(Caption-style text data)

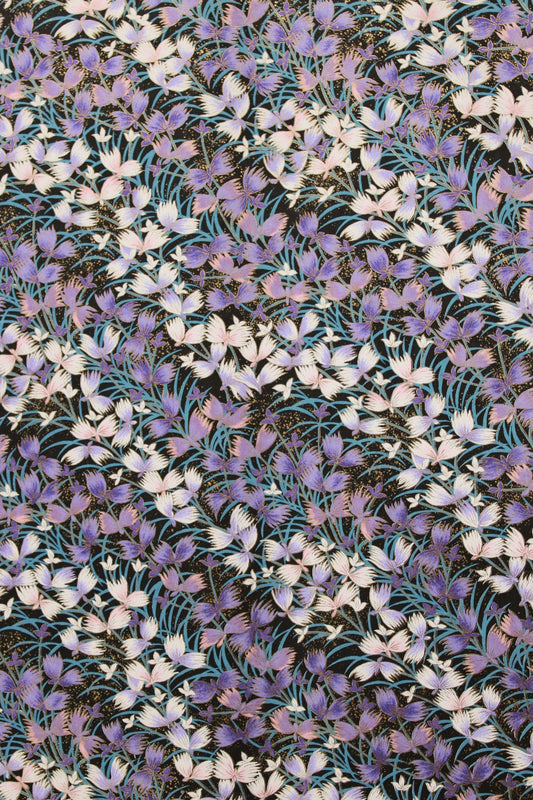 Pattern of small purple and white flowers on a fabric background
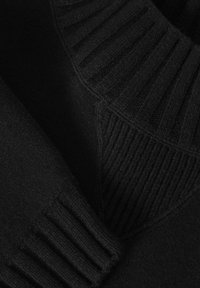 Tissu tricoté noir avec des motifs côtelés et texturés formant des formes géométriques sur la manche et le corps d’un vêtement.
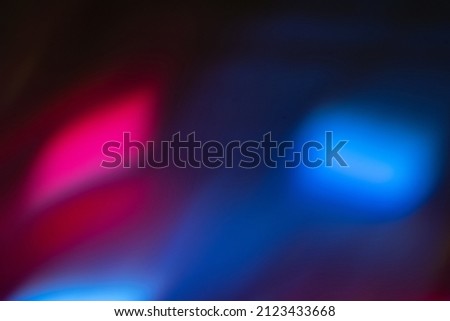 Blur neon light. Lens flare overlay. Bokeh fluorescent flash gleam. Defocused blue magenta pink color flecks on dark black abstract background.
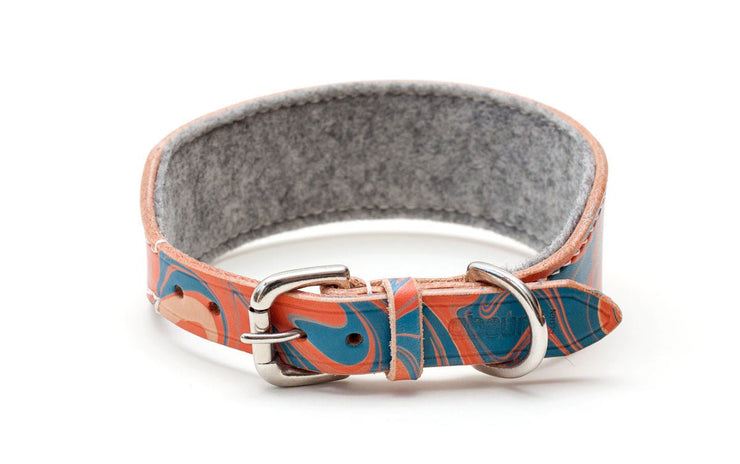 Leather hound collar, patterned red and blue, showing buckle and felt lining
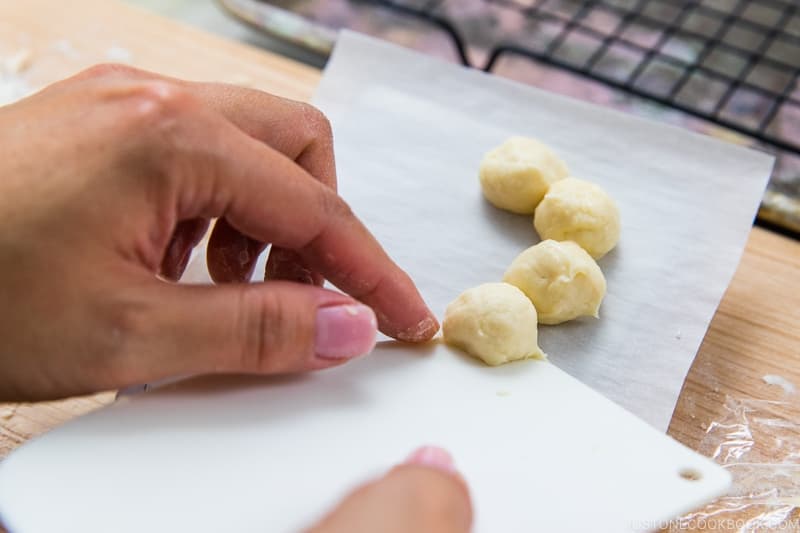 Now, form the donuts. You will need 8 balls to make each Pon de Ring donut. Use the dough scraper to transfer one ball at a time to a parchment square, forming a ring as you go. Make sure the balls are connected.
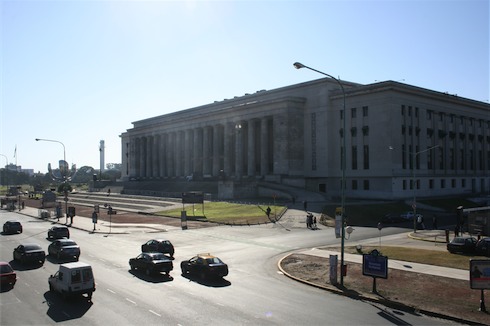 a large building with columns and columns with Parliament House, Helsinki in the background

[Action item] With the pictures omitted, reproduce the data above exactly.

[Completed task]
 Pattern of small purple and white flowers on a fabric background
 Tissu tricoté noir avec des motifs côtelés et texturés formant des formes géométriques sur la manche et le corps d’un vêtement.
 Blur neon light. Lens flare overlay. Bokeh fluorescent flash gleam. Defocused blue magenta pink color flecks on dark black abstract background.
 Leather hound collar, patterned red and blue, showing buckle and felt lining
 Now, form the donuts. You will need 8 balls to make each Pon de Ring donut. Use the dough scraper to transfer one ball at a time to a parchment square, forming a ring as you go. Make sure the balls are connected.
 a large building with columns and columns with Parliament House, Helsinki in the background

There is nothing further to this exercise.